É claro que, em um contexto no qual movimentos paredistas, motins, revoltas e conspirações já se tornaram rotina no cotidiano das polícias e corpos de bombeiros militares brasileiros, ante a ausência de uma política que atenda aos anseios dessas categorias profissionais quase sempre tratadas com descaso pelos governantes, não faltou quem visse acerto na decisão do Supremo Tribunal Federal, em função de não ser concebível que uma Instituição policial, civil ou militar, que se destina a cumprir e fazer cumprir as leis, possa desrespeitá-las mesmo sob os mais nobres pretextos.

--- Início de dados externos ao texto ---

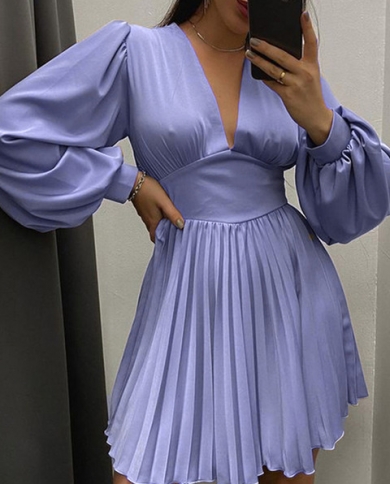 Women's V Neck Satin Pleated Dress Fall 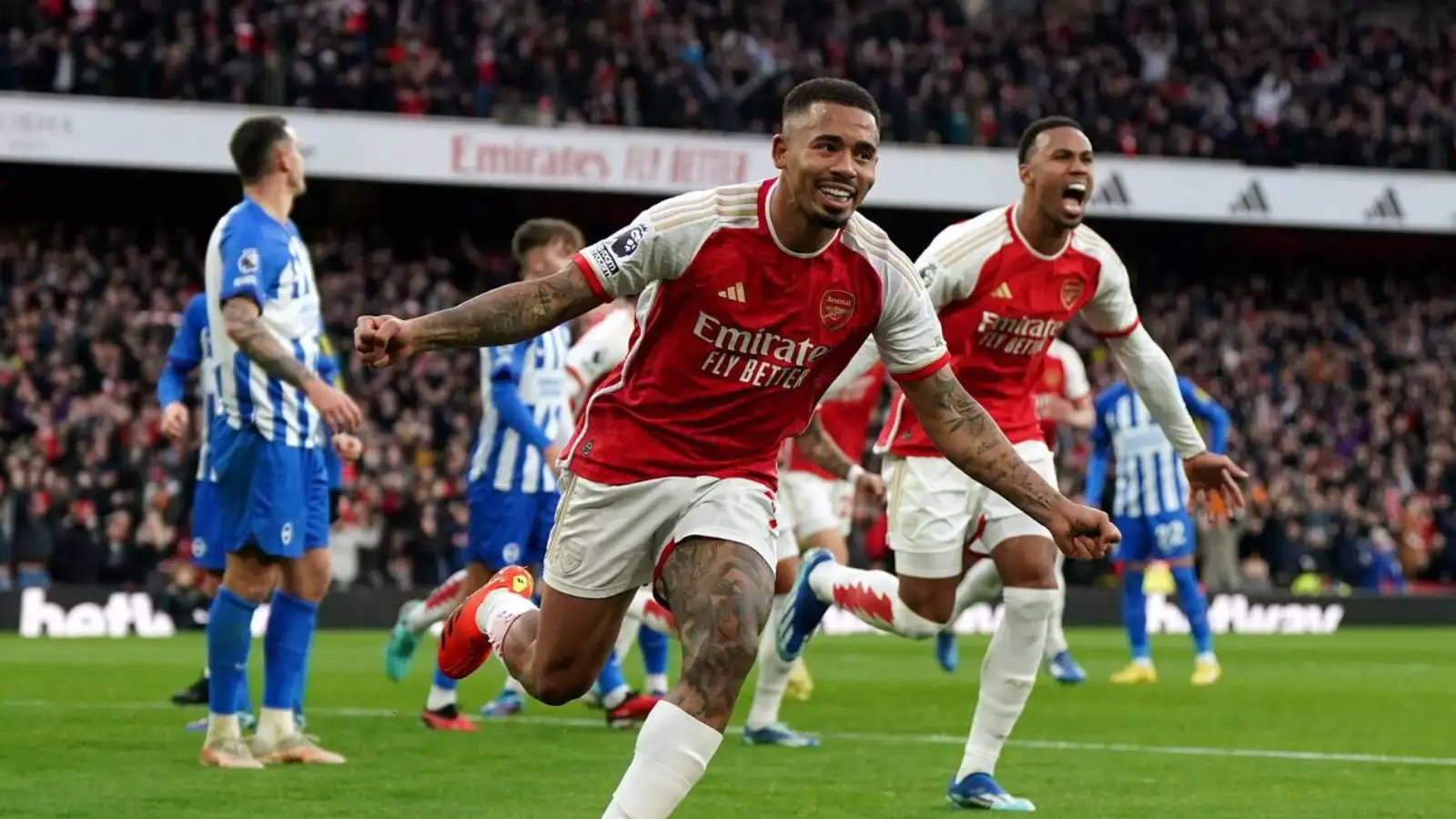 Arsenal's Gabriel Jesus celebrates scoring their side's first goal of the game during the Premier League match at the Emirates Stadium, London. Picture date: Sunday December 17, 2023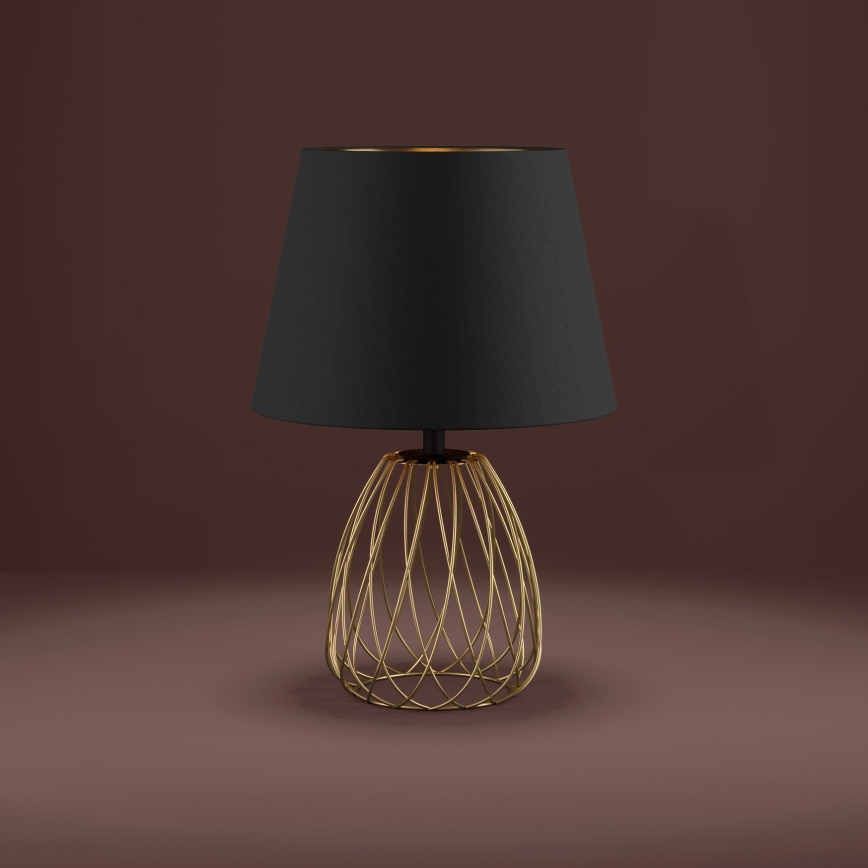 Eglo - Pöytävalaisin 1xE27/40W/230V musta/kulta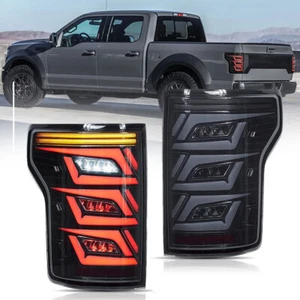 Smoked Pair LED Tail Lights Start Up Animation For Ford F150 2015 2016 17-2020 - Picture 1 of 15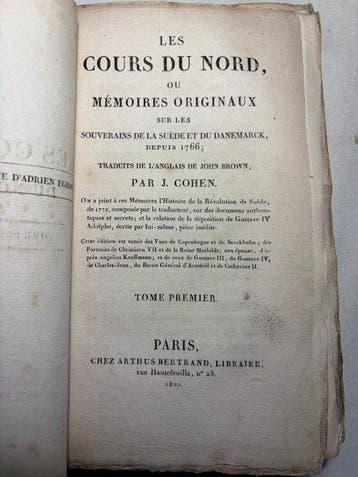Cohen - Les cours du Nord, ou mémoires originaux sur les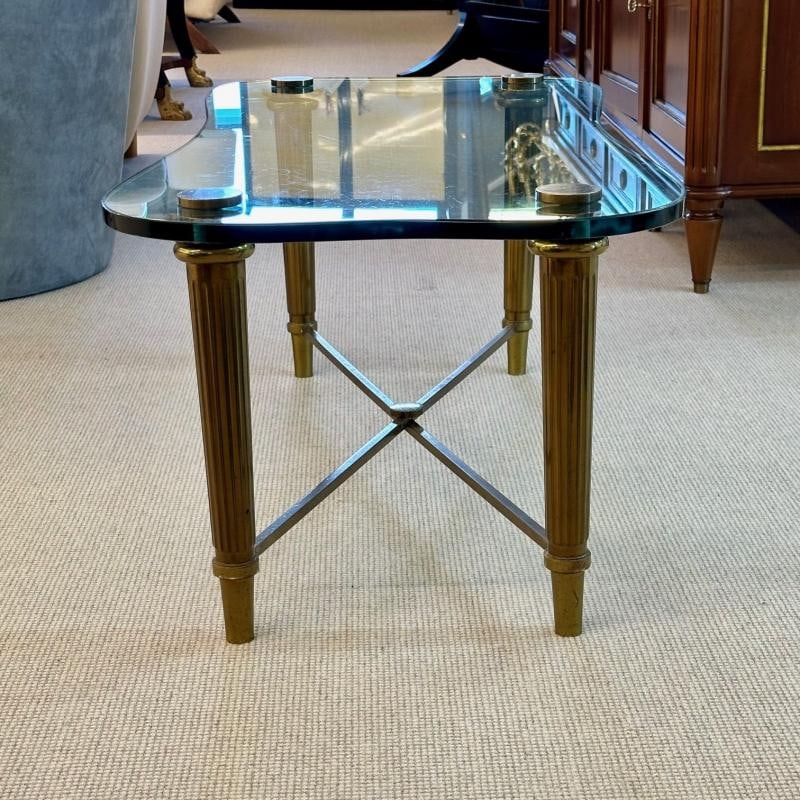 French Neo-Classical Glass Top Coffee Table, Mid-Century Modern PE Guerin Style - 6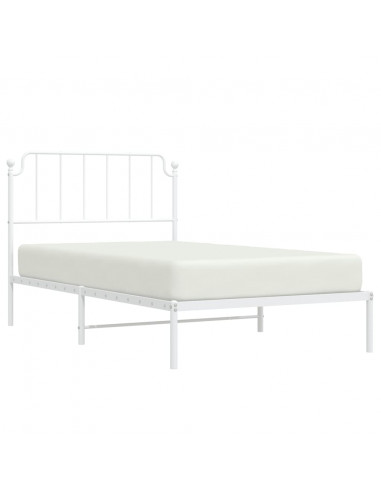 Giroletto con Testiera Metallo Bianco 107x203 cm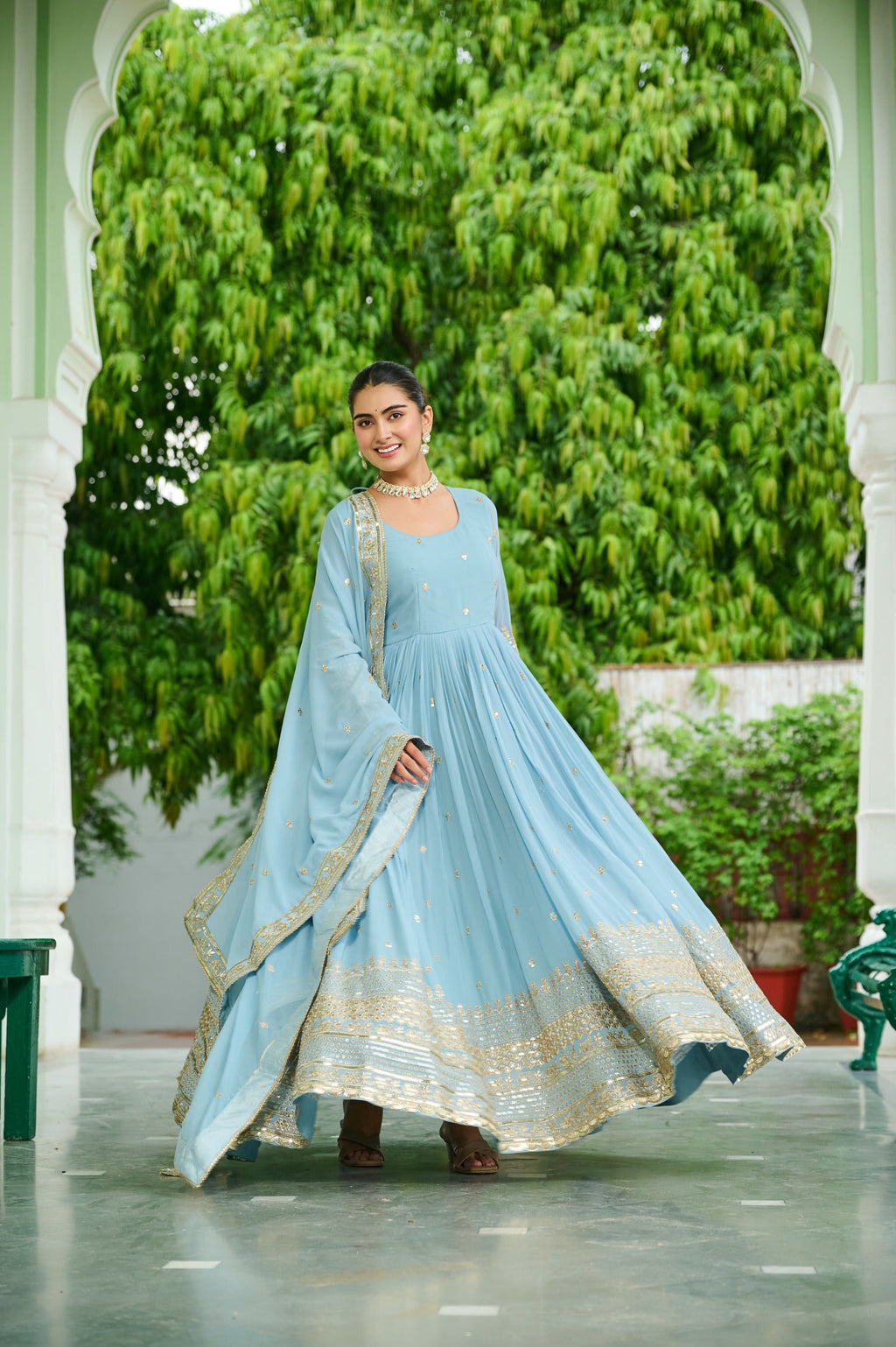 Prazu Fashion Light Lavender Georgette Embroidered Gown With Dupatta | Grocsy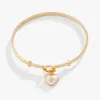 Pearl Heart + Crystal Charm Clip Bangle sold by Alex and Ani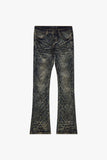 Tire Stacked Flare Jean Blue Vintage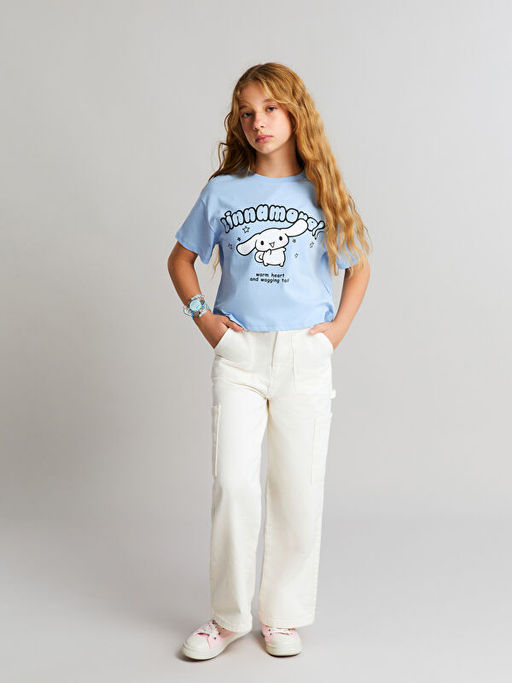 Bisiklet Yaka Cinnamoroll Bask?l? K?z ?ocuk Ti??rt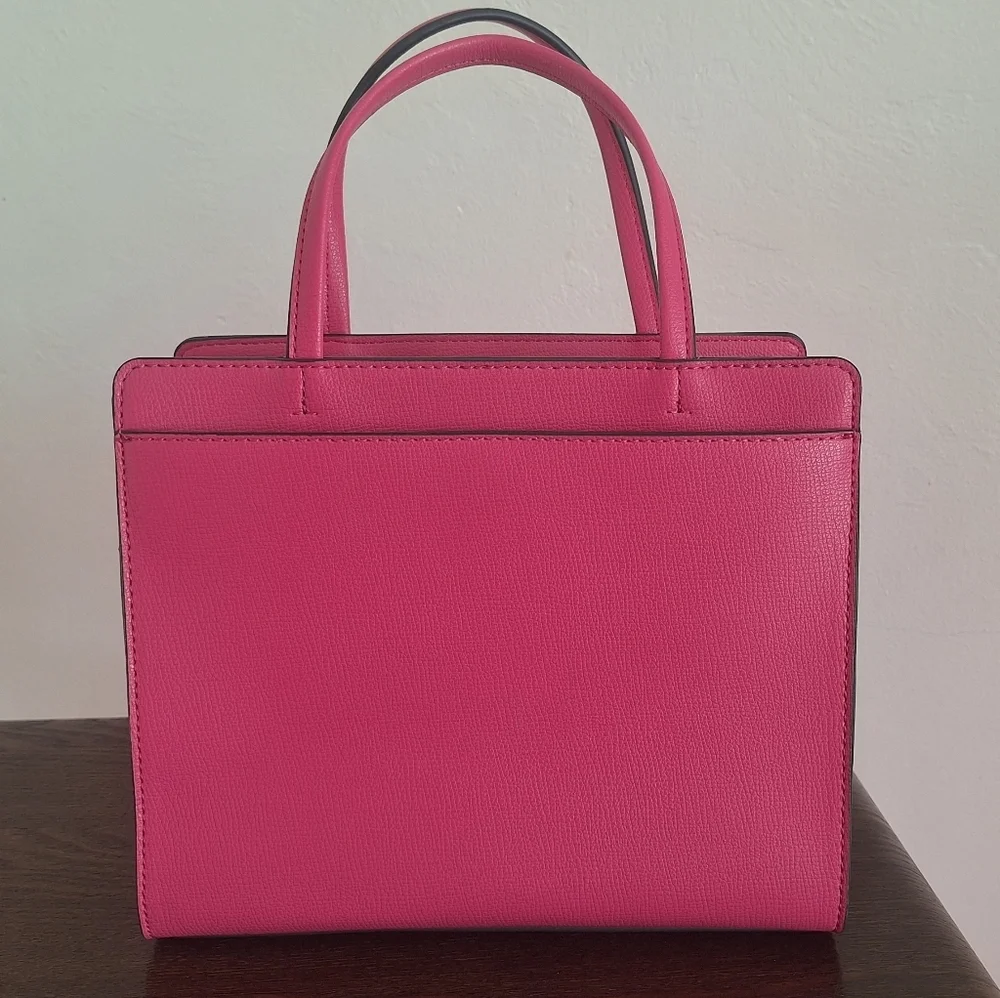Karl Lagerfeld Paris Maybelle Small Hand Bag Satchel Pink 8"×10" - Picture 3 of 12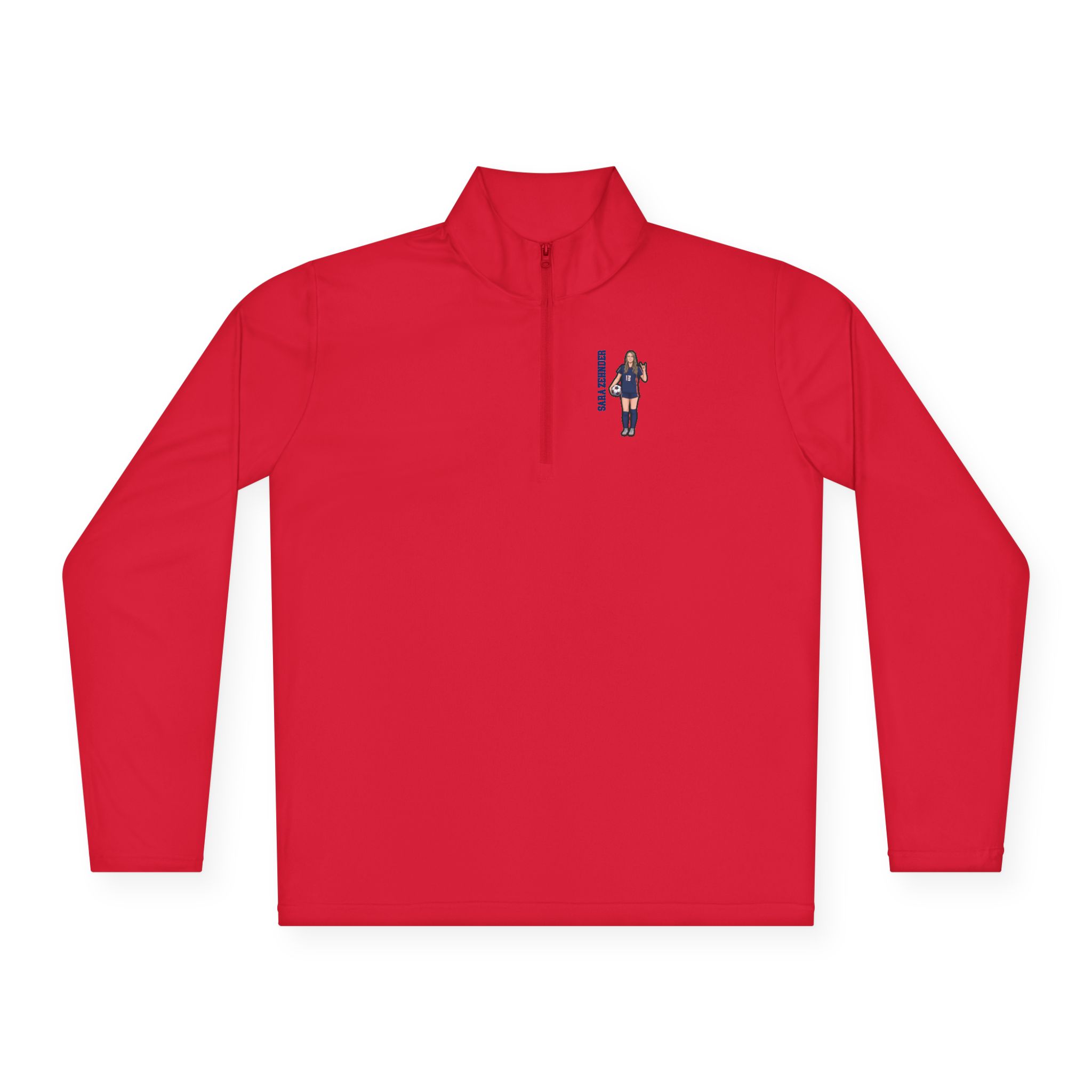 Q-Zip Pullover — character_name_vertical in Red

Nessa lógica, com o sistema político não investindo seriamente na segurança pública e apostando apenas na passividade das hostes policiais e na força dos regramentos disciplinares, penais e constitucionais para fugir das suas responsabilidades, continuaremos a conviver com a insatisfação dos nossos guardiões que, em seu íntimo, estarão em permanente “estado de greve”.
Infelizmente, a decisão do Supremo Tribunal Federal poderá aguçar a sensação de injustiça e desrespeito que esses profissionais, civis e militares, historicamente já provam, mas, como tudo na vida é dual e não raro a consulta à esfinge complica o enigma, a proibição do direito de greve, equiparando as carreiras policiais às carreiras militares, com certeza, também, vai pressionar o governo a ceder ainda mais do que inicialmente feito no projeto de reforma da Previdência, quando retirou apenas os militares federais e estaduais da proposta.
Independentemente do impacto político da decisão do Supremo Tribunal Federal, a respeito das greves dos servidores civis e dos motins, revoltas ou conspirações dos militares, mais uma vez fica claro que, diante da inércia dos governantes e dos parlamentares, os magistrados estão protagonizando ações normativas que, no mínimo, representam uma absorção do jurídico pelo político, colocando em dúvida a própria existência da tripartição dos poderes e a dicotomia Direito e Política.